• AIM OF THE TASK: Starting from the first line below, repeat the data exactly through to the last.

=== DATA TO USE ===

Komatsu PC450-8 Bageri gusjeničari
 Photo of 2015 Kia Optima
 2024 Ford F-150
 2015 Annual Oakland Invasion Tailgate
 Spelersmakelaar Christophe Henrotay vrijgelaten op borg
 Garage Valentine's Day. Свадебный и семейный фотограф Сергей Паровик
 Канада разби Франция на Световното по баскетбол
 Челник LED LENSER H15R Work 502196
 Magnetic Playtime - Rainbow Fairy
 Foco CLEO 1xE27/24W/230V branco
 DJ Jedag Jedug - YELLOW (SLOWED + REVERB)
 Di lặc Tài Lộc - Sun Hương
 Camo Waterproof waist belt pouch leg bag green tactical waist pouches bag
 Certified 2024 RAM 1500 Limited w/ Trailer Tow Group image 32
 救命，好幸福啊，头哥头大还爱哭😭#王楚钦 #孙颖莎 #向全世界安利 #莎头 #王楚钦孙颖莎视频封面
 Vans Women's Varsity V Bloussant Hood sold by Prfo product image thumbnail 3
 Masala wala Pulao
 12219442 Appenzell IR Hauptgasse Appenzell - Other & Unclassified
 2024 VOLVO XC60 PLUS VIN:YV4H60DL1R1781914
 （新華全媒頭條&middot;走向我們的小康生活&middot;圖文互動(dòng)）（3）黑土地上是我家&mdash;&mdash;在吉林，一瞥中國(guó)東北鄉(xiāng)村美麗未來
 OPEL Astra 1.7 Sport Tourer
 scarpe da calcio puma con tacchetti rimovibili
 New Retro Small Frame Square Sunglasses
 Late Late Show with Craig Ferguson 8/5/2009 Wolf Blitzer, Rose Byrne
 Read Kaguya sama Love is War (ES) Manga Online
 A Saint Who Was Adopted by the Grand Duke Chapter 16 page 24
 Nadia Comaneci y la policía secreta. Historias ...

===

• RESPONSE:
Komatsu PC450-8 Bageri gusjeničari
 Photo of 2015 Kia Optima
 2024 Ford F-150
 2015 Annual Oakland Invasion Tailgate
 Spelersmakelaar Christophe Henrotay vrijgelaten op borg
 Garage Valentine's Day. Свадебный и семейный фотограф Сергей Паровик
 Канада разби Франция на Световното по баскетбол
 Челник LED LENSER H15R Work 502196
 Magnetic Playtime - Rainbow Fairy
 Foco CLEO 1xE27/24W/230V branco
 DJ Jedag Jedug - YELLOW (SLOWED + REVERB)
 Di lặc Tài Lộc - Sun Hương
 Camo Waterproof waist belt pouch leg bag green tactical waist pouches bag
 Certified 2024 RAM 1500 Limited w/ Trailer Tow Group image 32
 救命，好幸福啊，头哥头大还爱哭😭#王楚钦 #孙颖莎 #向全世界安利 #莎头 #王楚钦孙颖莎视频封面
 Vans Women's Varsity V Bloussant Hood sold by Prfo product image thumbnail 3
 Masala wala Pulao
 12219442 Appenzell IR Hauptgasse Appenzell - Other & Unclassified
 2024 VOLVO XC60 PLUS VIN:YV4H60DL1R1781914
 （新華全媒頭條&middot;走向我們的小康生活&middot;圖文互動(dòng)）（3）黑土地上是我家&mdash;&mdash;在吉林，一瞥中國(guó)東北鄉(xiāng)村美麗未來
 OPEL Astra 1.7 Sport Tourer
 scarpe da calcio puma con tacchetti rimovibili
 New Retro Small Frame Square Sunglasses
 Late Late Show with Craig Ferguson 8/5/2009 Wolf Blitzer, Rose Byrne
 Read Kaguya sama Love is War (ES) Manga Online
 A Saint Who Was Adopted by the Grand Duke Chapter 16 page 24
 Nadia Comaneci y la policía secreta. Historias ...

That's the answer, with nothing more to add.